TIR-Bench: A Comprehensive Benchmark for Agentic Thinking-with-Images Reasoning
Ming Li, Jike Zhong, Shitian Zhao, Haoquan Zhang, Shaoheng Lin, Yuxiang Lai, Wei Chen, Konstantinos Psounis, Kaipeng Zhang
2025-11-04
Summary
This paper introduces a new way to test how well AI models can 'think with images' by not just *looking* at pictures, but actively changing them using tools to solve problems.
What's the problem?
Current tests for AI image understanding are too simple. They mostly check if an AI can find things in a picture or cut it up, but don't see if it can actually *use* tools to manipulate images in a smart, step-by-step way to figure things out. Existing benchmarks don't challenge AI to really reason about images and how to change them to get answers.
What's the solution?
The researchers created a new, much harder test called TIR-Bench. This test has 13 different challenges where the AI needs to use various tools to process and change images, like editing or transforming them, to solve a problem. They tested 22 different AI models to see how well they performed on this new benchmark, and also looked at whether training the AI specifically to use tools helped it improve.
Why it matters?
This work is important because it pushes the field of AI towards more intelligent image understanding. If AI can truly 'think with images' and use tools effectively, it can solve more complex real-world problems, and this new benchmark provides a better way to measure and improve those abilities.
Abstract
The frontier of visual reasoning is shifting toward models like OpenAI o3, which can intelligently create and operate tools to transform images for problem-solving, also known as thinking-with-images in chain-of-thought. Yet existing benchmarks fail to fully capture this advanced capability. Even Visual Search, the most common benchmark for current thinking-with-images methods, tests only basic operations such as localization and cropping, offering little insight into more complex, dynamic, and tool-dependent reasoning.

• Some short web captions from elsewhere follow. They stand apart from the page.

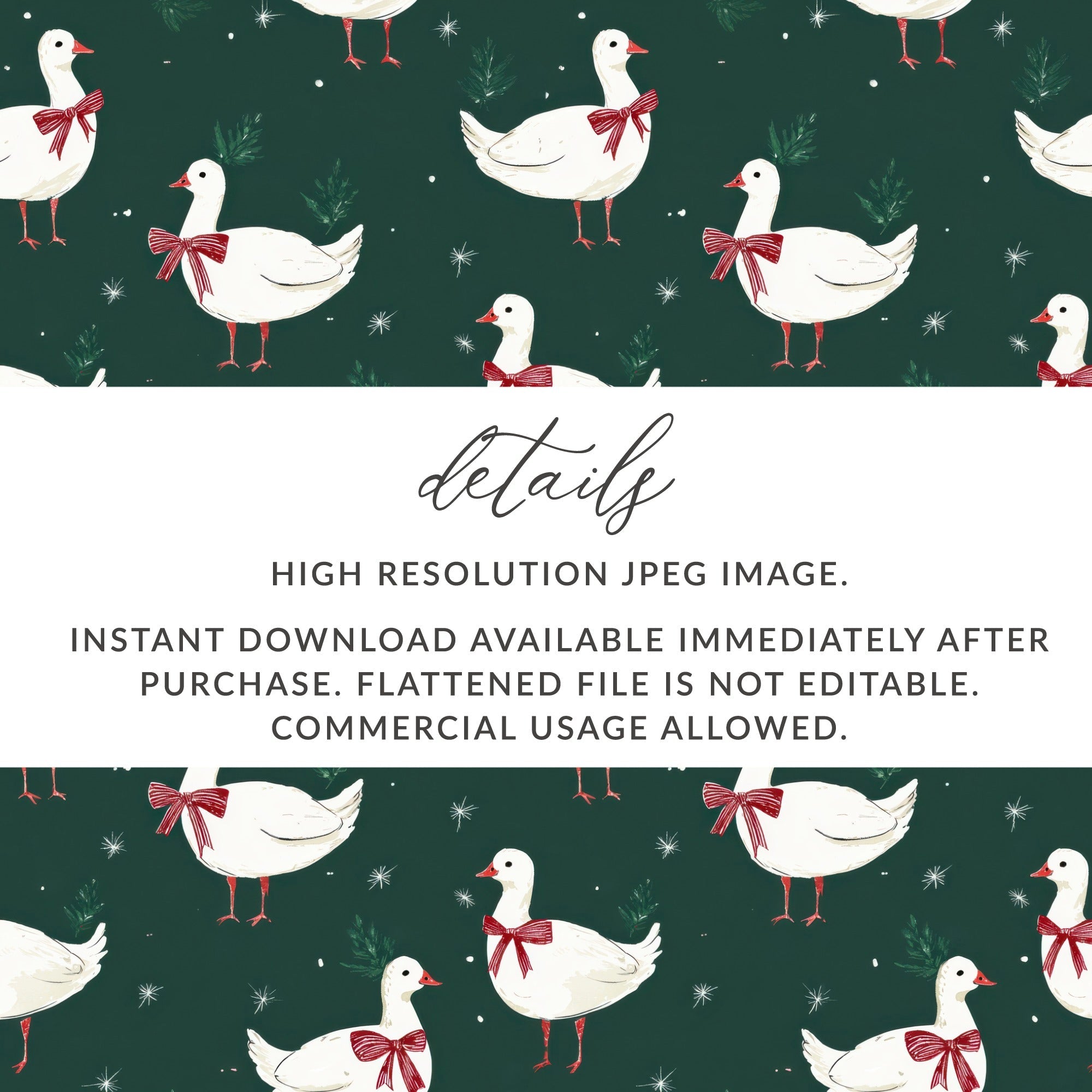 Holiday Silly Goose Background Christmas Geese Pattern - Moore and Mountain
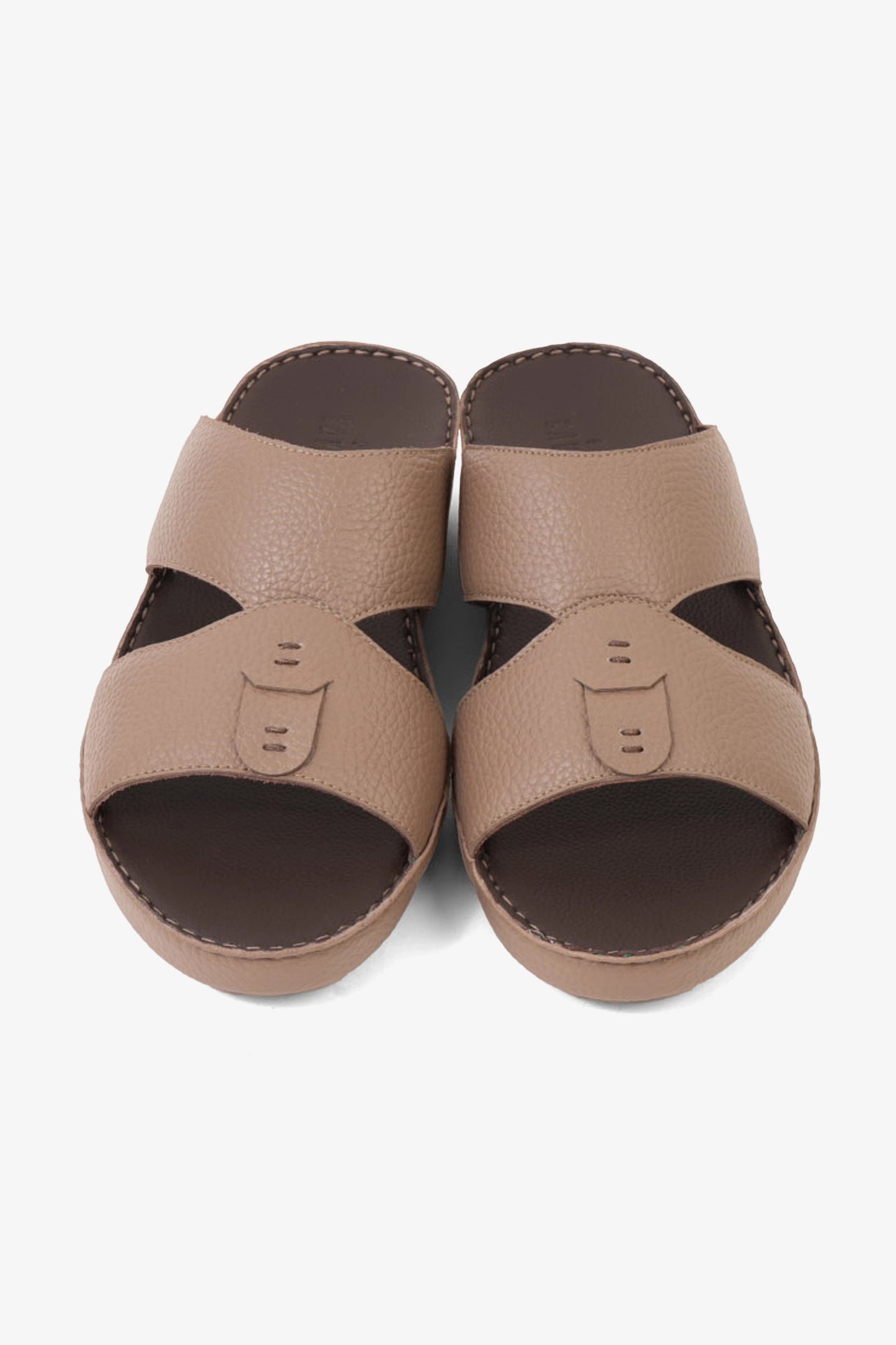 UOMO CAVALIER ELITE TRADITIONAL LEATHER ARABIC SANDALS STONE - Seventy7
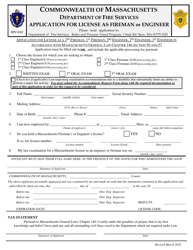 Document preview: Form BPV-010 Application for License as Fireman or Engineer - Massachusetts
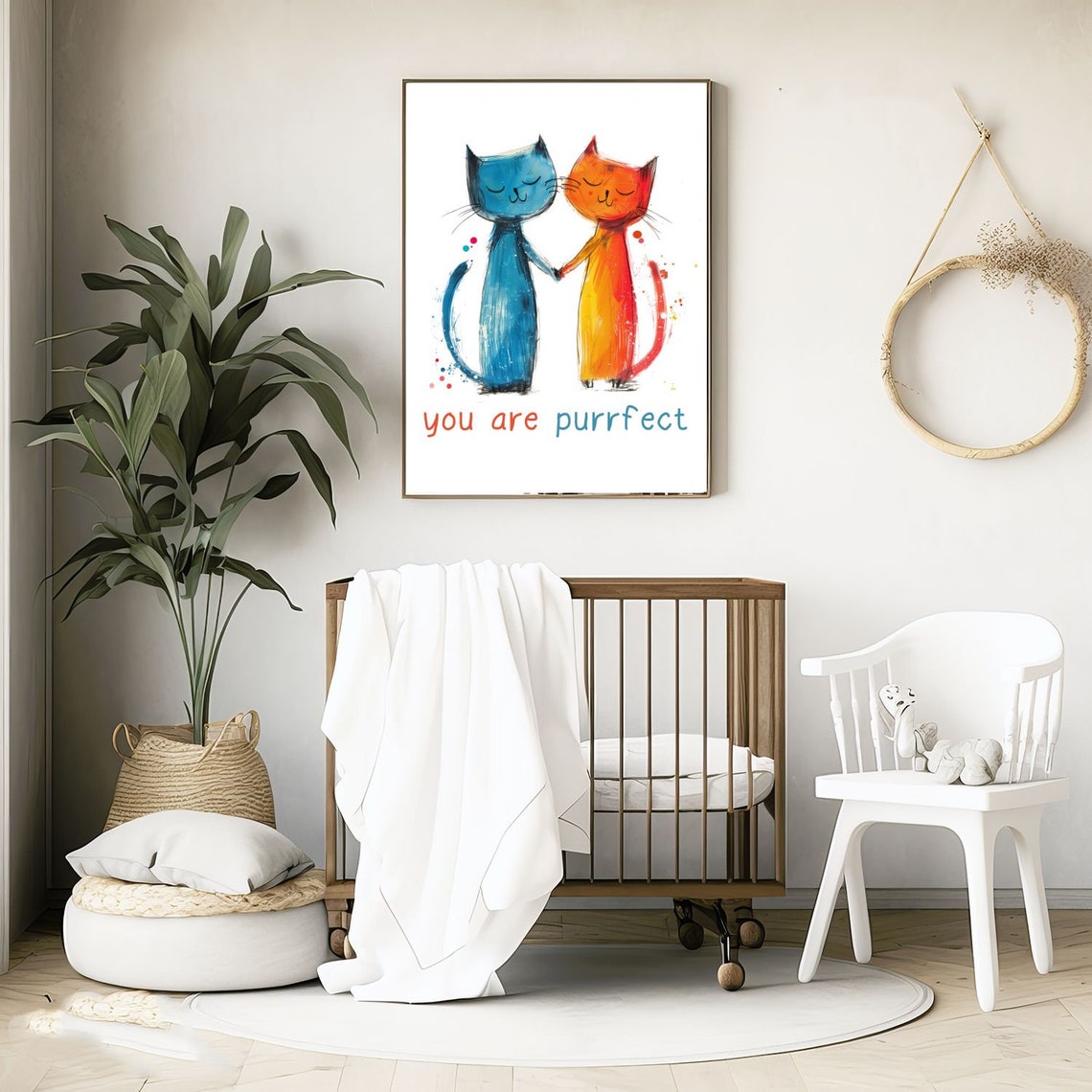 Two Sweet Watercolor Cats Holding Paws 'You Are Purrfect' Poster - Image 5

We introduce TIR-Bench, a comprehensive benchmark for evaluating agentic thinking-with-images across 13 diverse tasks, each requiring novel tool use for image processing and manipulation in chain-of-thought. We evaluate 22 multimodal large language models (MLLMs), from leading open-sourced and proprietary models to those with explicit tool-use augmentation. Results show that TIR-Bench is universally challenging, and strong performance requires genuine thinking-with-images capabilities. Finally, we present a pilot study comparing direct versus agentic fine-tuning.